I first encountered Kay Healy's artwork a few years ago at Paradigm Gallery. At the time, Healy's "Stuffed" project was, appropriately titled, Starter Home. Since then the project has expanded to fit larger show spaces like the Philadelphia International Airport, Fleisher Art Memorial, West Branch Gallery in Stowe, Vt., Philadelphia's City Hall, Moore College of Art, and on Oct. 2, Lost and Found – Healy's latest exhibit featuring "Stuffed" – will be housed at the Homepage Café in the Central Library of Philadelphia.

The carefully curated collection of three-dimensional screen-printed, sewn, and stuffed objects presents a plush version of the interiors of five bi-level Philadelphia row homes. The life-size images of household objects complement the subject matter; items etched into memories and objects of comfort. The home settings, often installed like backdrops, hold object narratives. Each item on display, whether it's a piece of living room furniture or a kitchen appliance, has a story attached.

When Healy started this series in 2010, the pieces were inspired by abandoned furniture and her own childhood home. The project has grown to encompass furniture pieces and objects based on the memories of other people's homes. Coming Home, a 350-square-foot instillation, which was held at the Philadelphia International Airport, was created based on interviews with four Philadelphians of different ages and from different neighborhoods. Each participant described cherished objects and the memories associated with them. A cathedral radio, floral kitchen wallpaper, an armchair, a claw-foot tub, and 30 other items took center stage in terminal E.
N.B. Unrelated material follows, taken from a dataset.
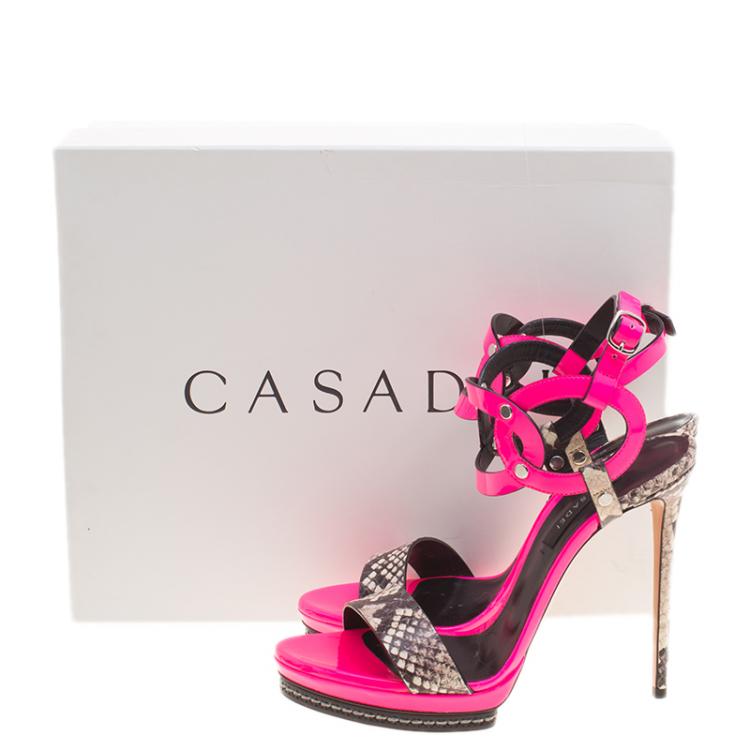 مملوكة مسبقًا Casadei Fuschia Pink Patent and Embossed Roccia Leather Platform Ankle Strap Sandals Size 38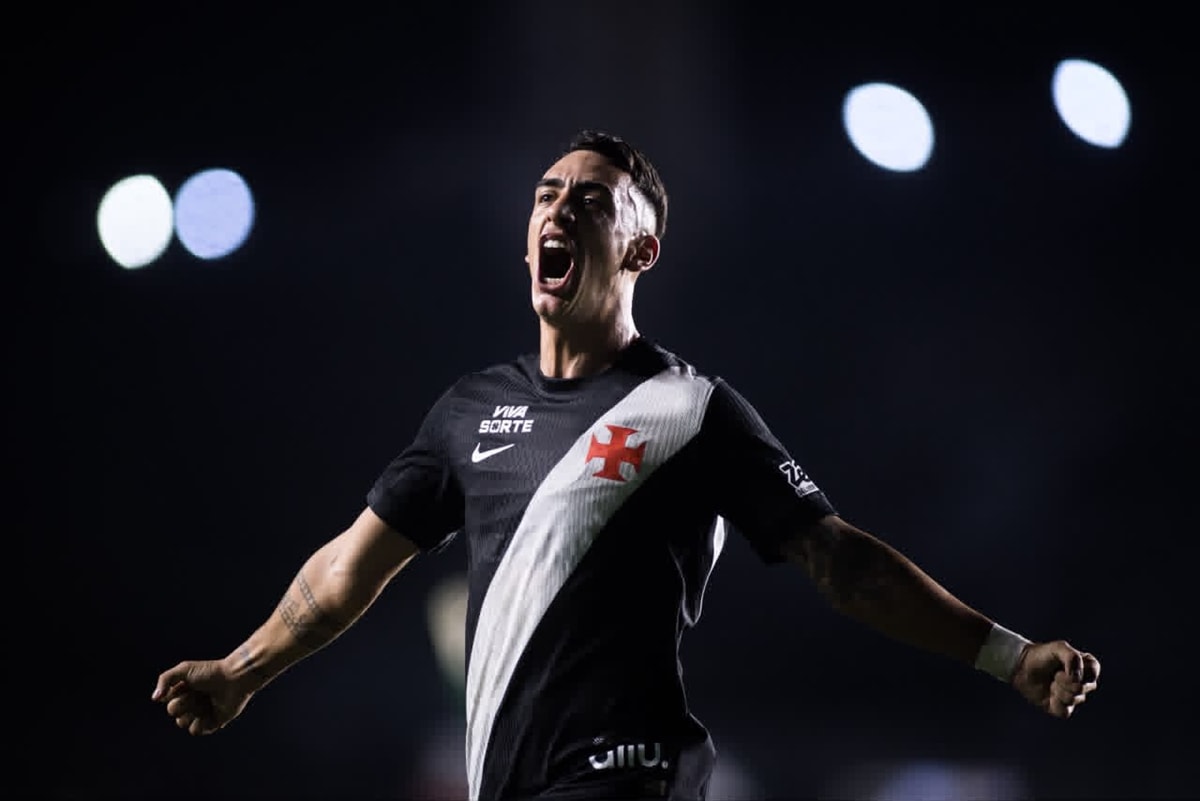 Brasileirão: Vasco vence de virada e segura Corinthians no Z4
After the success of Coming Home, Healy opened the question to a broader audience. "I asked people to describe objects that they had lost, and wished they still had," Healy said. Lost and Found features around 90 objects in total and spans over 1,000 square feet — her largest instillation to date. The work itself, experiencing the life-size dollhouse-like world that Healy creates, isn't complete without the narratives behind them. Though seamlessly organized, the items speak for themselves emanating a nostalgic quality that Healy's work has come to be associated with.

"Julia Zagar [co-founder of Eye's Gallery] instantly knew what object she wanted. It was this black, early 1960s, modern couch in her mother's house. Every time she was sick she would spend the day on that couch. That was the sick couch that she remembered her mother would take care of her and bring her soup on." Healy explained, recalling the objects and people she's worked with on Lost and Found, "When she gets sick, to this day, she thinks about that couch. Wishing that she could have it again. A lot of our attachment to objects has to do with comfort, being nurtured, and having someone take care of you."

Accompanying the exhibit, WHYY's Peter Crimmins has recorded and interviewed 16 of the project's participants. Thanks to the collaboration, audiences will now be able to hear firsthand the object narratives that inform Healy's work.

The exhibit's opening reception will be held on Thursday, Oct. 2, and RSVP is strongly recommended.